- _RECORDS PROVIDED_:
- - -

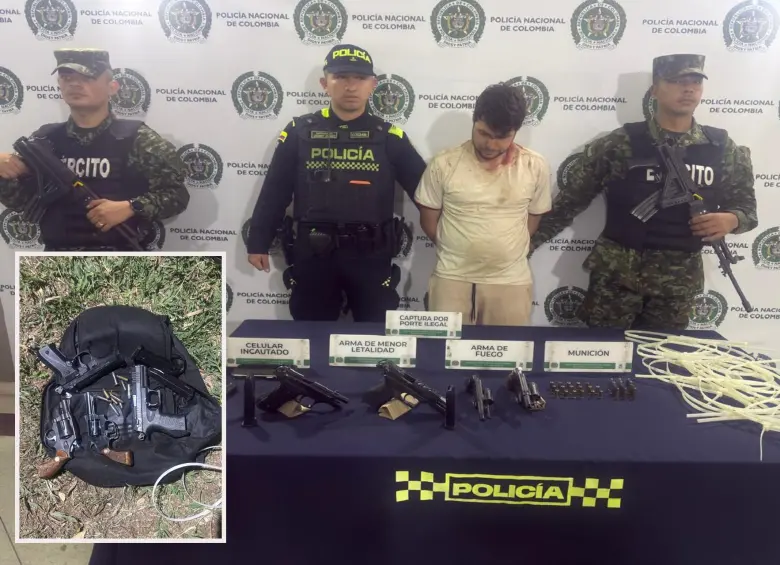 Adelante, parte de las armas encontradas por las autoridades. Atrás, uno de los detenidos. FOTO: Cortesía
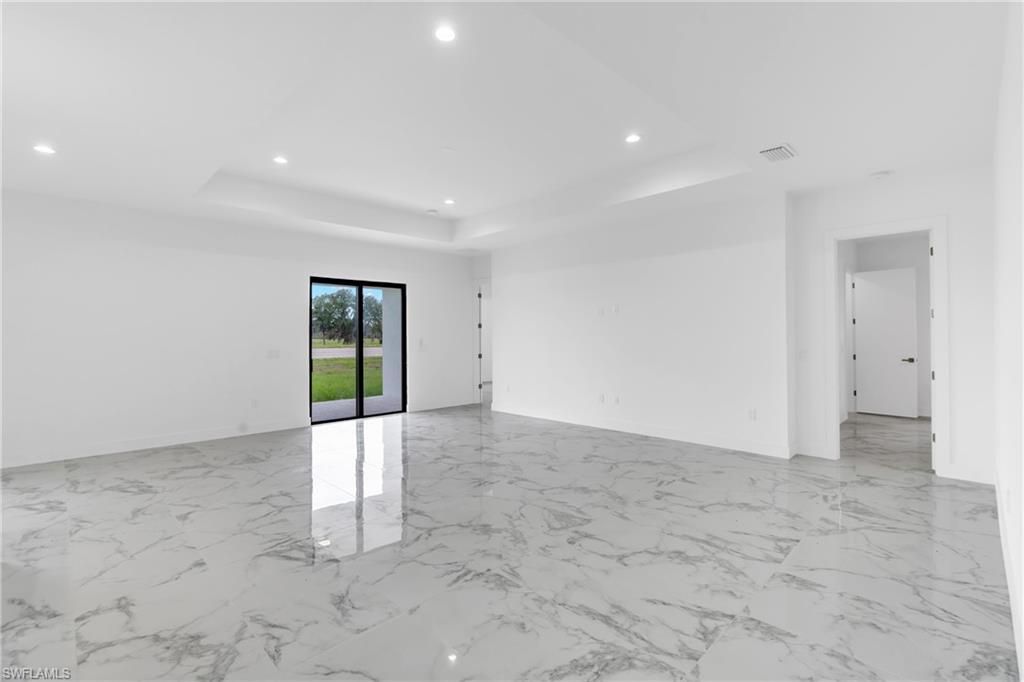 6037 N Moss Cir, Labelle, FL 33935 Photo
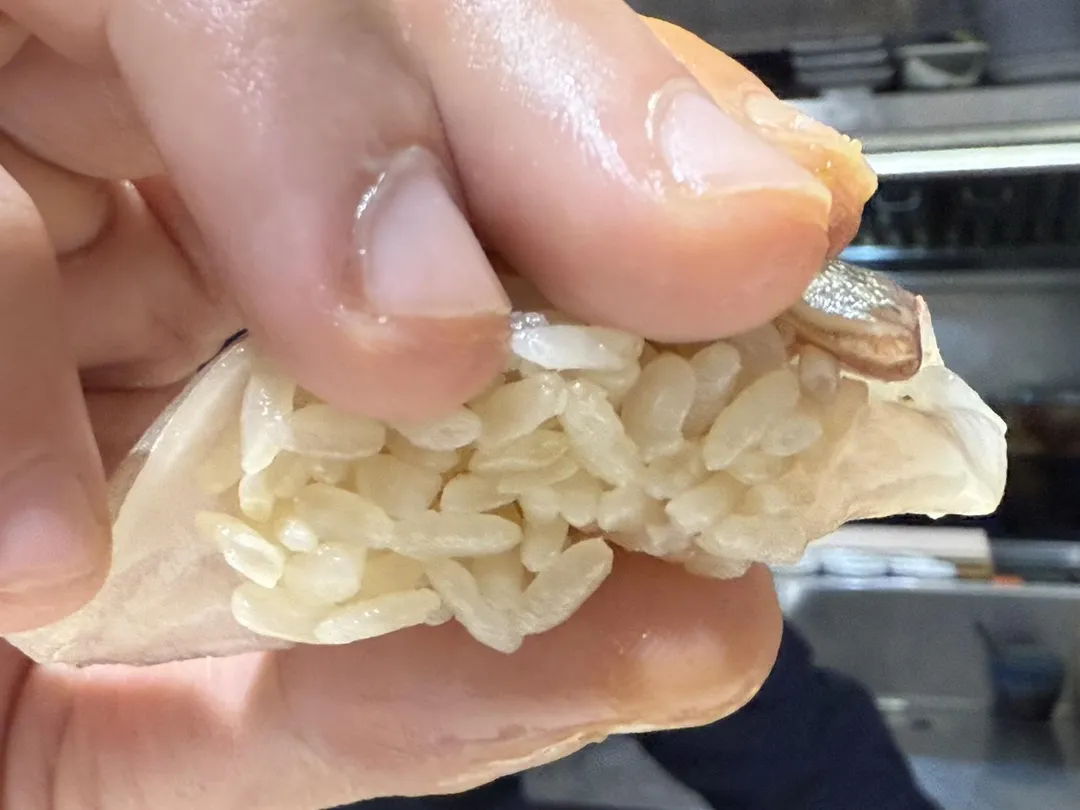 3年赤陳醋調和米醋製作赤醋飯，乃是江戶前壽司的絕對風味。（圖／黃宏輝提供）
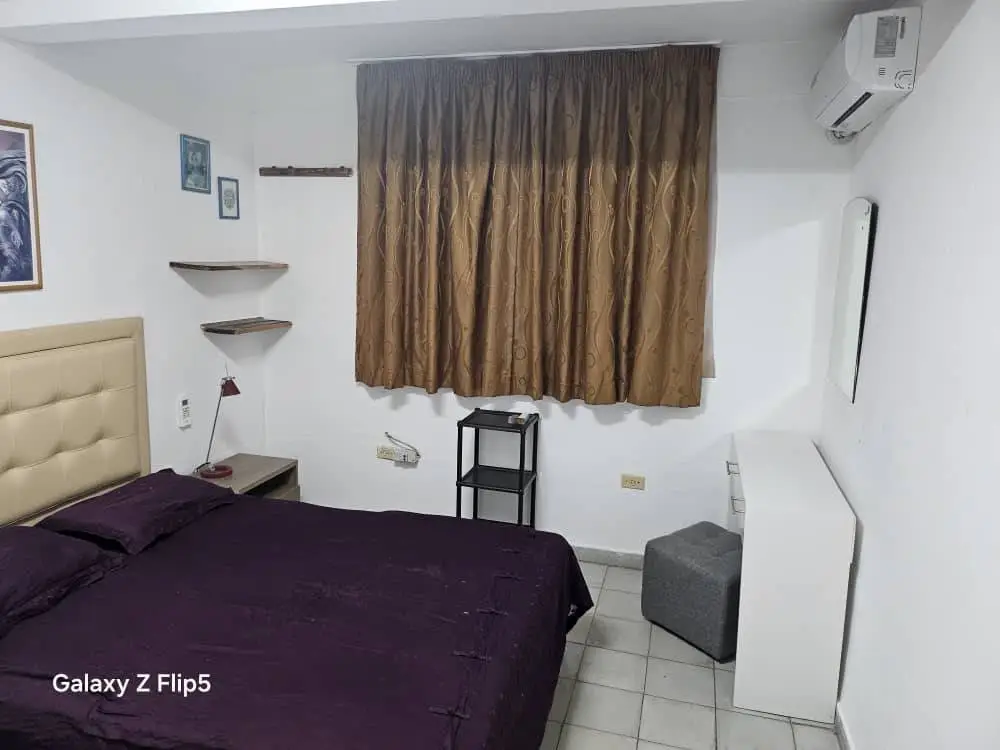 Apartamento de dos habitaciones y respaldo energético disponible en Plaza de la Revolución
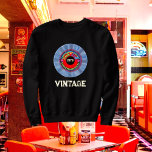Vintag 1973 - 50. Jahr 2023 personalisieren Sweatshirt<br><div class="desc">Cooler Vintager Geburtstag T Shirt. **HINWEIS** Sie können das Jahr und den Text des Produkts auf jede Nachricht ändern, die Sie wünschen, bevor Sie Ihre Bestellung abschicken. Klicken Sie auf die Schaltfläche PERSONALISIEREN, um den Text zu ändern. Sie werden aufgefordert, den gewollt Text auf dem Produkt anzuzeigen. Zum Beispiel: Sie...</div>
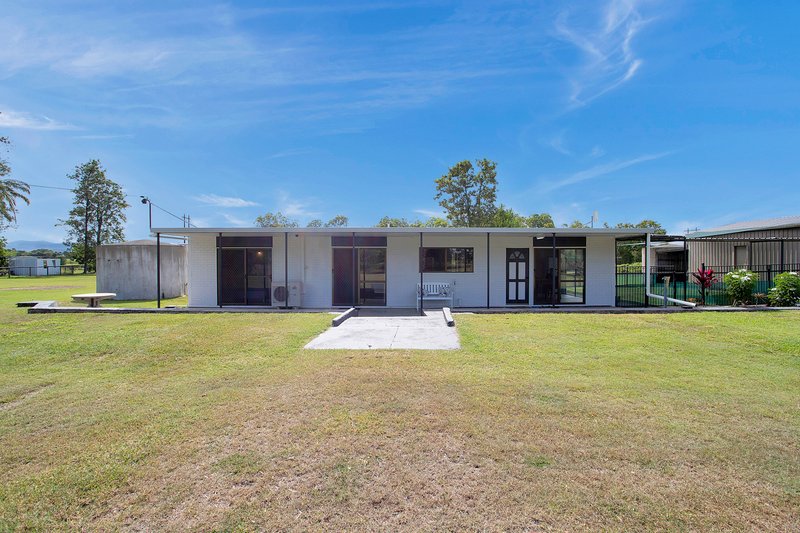 Photo - 32 Chelona Park Drive, Sarina QLD 4737 - Image 3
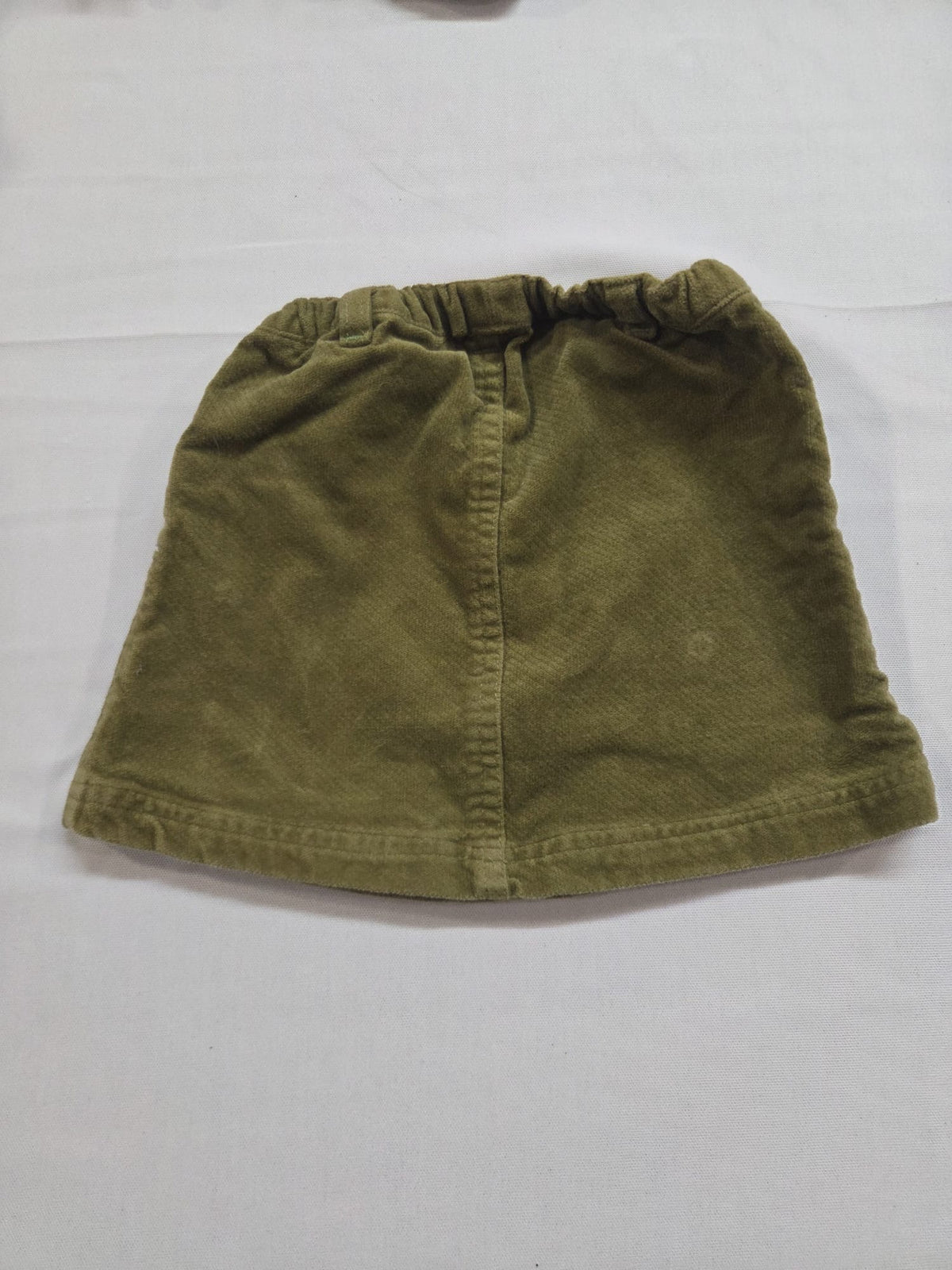 Falda de pana verde caqui con detalle floral - 12M / 80 cm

- - -

Retype each entry above character for character; pictures stay out.

- _RESULT OF THIS TASK_:
 Adelante, parte de las armas encontradas por las autoridades. Atrás, uno de los detenidos. FOTO: Cortesía
 6037 N Moss Cir, Labelle, FL 33935 Photo
 3年赤陳醋調和米醋製作赤醋飯，乃是江戶前壽司的絕對風味。（圖／黃宏輝提供）
 Apartamento de dos habitaciones y respaldo energético disponible en Plaza de la Revolución
Vintag 1973 - 50. Jahr 2023 personalisieren Sweatshirt<br><div class="desc">Cooler Vintager Geburtstag T Shirt. **HINWEIS** Sie können das Jahr und den Text des Produkts auf jede Nachricht ändern, die Sie wünschen, bevor Sie Ihre Bestellung abschicken. Klicken Sie auf die Schaltfläche PERSONALISIEREN, um den Text zu ändern. Sie werden aufgefordert, den gewollt Text auf dem Produkt anzuzeigen. Zum Beispiel: Sie...</div>
 Photo - 32 Chelona Park Drive, Sarina QLD 4737 - Image 3
 Falda de pana verde caqui con detalle floral - 12M / 80 cm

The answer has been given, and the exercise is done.